There are truly no words for how coffee alone would have made this trip a winner for us. The rich dark mocha-like essence is without a doubt addictive. We enjoyed it multiple times daily and loaded up a suitcase with what we believe to be a six month supply. This is our idea of souvenirs! Equally as entertaining is that the bill in Vietnamese Dong was just shy of a million. High currency conversions rates made it both amusing and confusing to play around with what felt like Monopoly money. A million Dong is equivalent to around forty-two dollars.

Next up was a bit of a surprise if I am being honest. I thoroughly appreciated the rich pho broth like none I had ever tasted before and the bun cha with its combination of fresh herbs, vegetables and chilis mixed with perfectly cooked noodles and succulent, flavorful pork doused in a fish sauce and lime juice bath became a quick favorite. But out of the dugout came the grand slam that made the game legendary. The bahn mi.

It was this simply perfected little sandwich for about a dollar that we did not go without a single day in Vietnam. The bread. It was everything a perfectly executed French roll should be. Crisp and flakey to the tooth and then immediately giving way to soft and chewy. I still dream about that bread. The funny thing is I am not much of a bread or sandwich fan so this was a fun discovery. I had certainly not imagined it to woo me as it did. The fillings were quite simple. A light spread of pate, fresh cucumber, carrot, coriander(cilantro), and your choice of meat. Last but not least, egg or no egg. MC could eat an egg at every meal and we often do so this was a no brainer for him. I chose to opt out but we both added chili sauce. So darn good I can almost taste it again! Deceivingly delicious!

The last gift of this journey for me was by far the most impactful. As an individual I do not support war or weapons. As an American, I am deeply saddened by the horrific human and environmental impact my country is responsible for waging on Vietnam. I had no idea what to expect in terms of how I may be treated and perhaps that is precisely what drew me there. The unknown. The need to represent in my own little way that no one is anything more than human. We are all connected if we choose to be.

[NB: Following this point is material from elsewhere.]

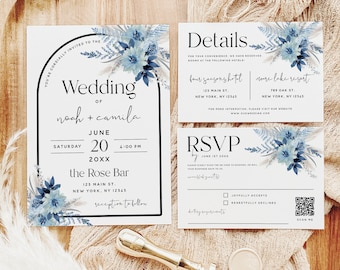 Dusty Blue Floral Wedding Invitation Kit Template, Invitation Set, Invitation Suite, Bohemian Wedding, Wedding Printable, DIY Editable, F20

What I discovered was an incredibly beautiful ray of hope. I was impressed by their calm energy and their impeccably executed cohabitation of old and new. Shopkeepers of name brands and new electronics sat on small sidewalk stools next to ladies skillfully operating tiny charcoal grills. Women pushing bicycles laden with fresh fruits and vegetables amongst the insanity of scooter traffic whizzing by. That scene the first night moved me immensely. It instilled in me a whole new level of respect for not only their ability to survive and overcome but to thrive. Perhaps on the simplest terms it provided me with a sense of relief. Perhaps I was guided there by my father, a proud Navy man and devout Catholic. It seems to be an oxymoron. Whatever the reason, I knew I was meant to see it and I was extremely grateful for the opportunity to witness the beauty of their culture.

As if confirming my intuition, the final evening while out to dinner we were approached by a young boy of no more than ten years of age. He politely requested a few minutes of our time to practice his English. I glanced up to see his proud father looking on from a table across the restaurant. What a brave little boy! was my initial thought. He went on to impress me with his questions of where I was from and had I been to Washington DC? When I mentioned that I had lived briefly in California he immediately chimed in excitedly inquiring whether I had seen the Golden Gate Bridge or Alcatraz. At this point I was both amazed and amused. He chatted through our appetizer being delivered and we answered between bites of a dish I cannot recall. When I told him how much we were enjoying his country’s cuisine he asked what we had tried thus far and then pointed to the rose-shaped carrot garnish that was the only thing left on the plate and said, Oh we learned how to make those in school! In that moment it was the woman whose jaw dropped and suddenly she felt like a little girl in the presence of this wise old bilingual soul. We never stop learning if we choose to see the education right before our very eyes.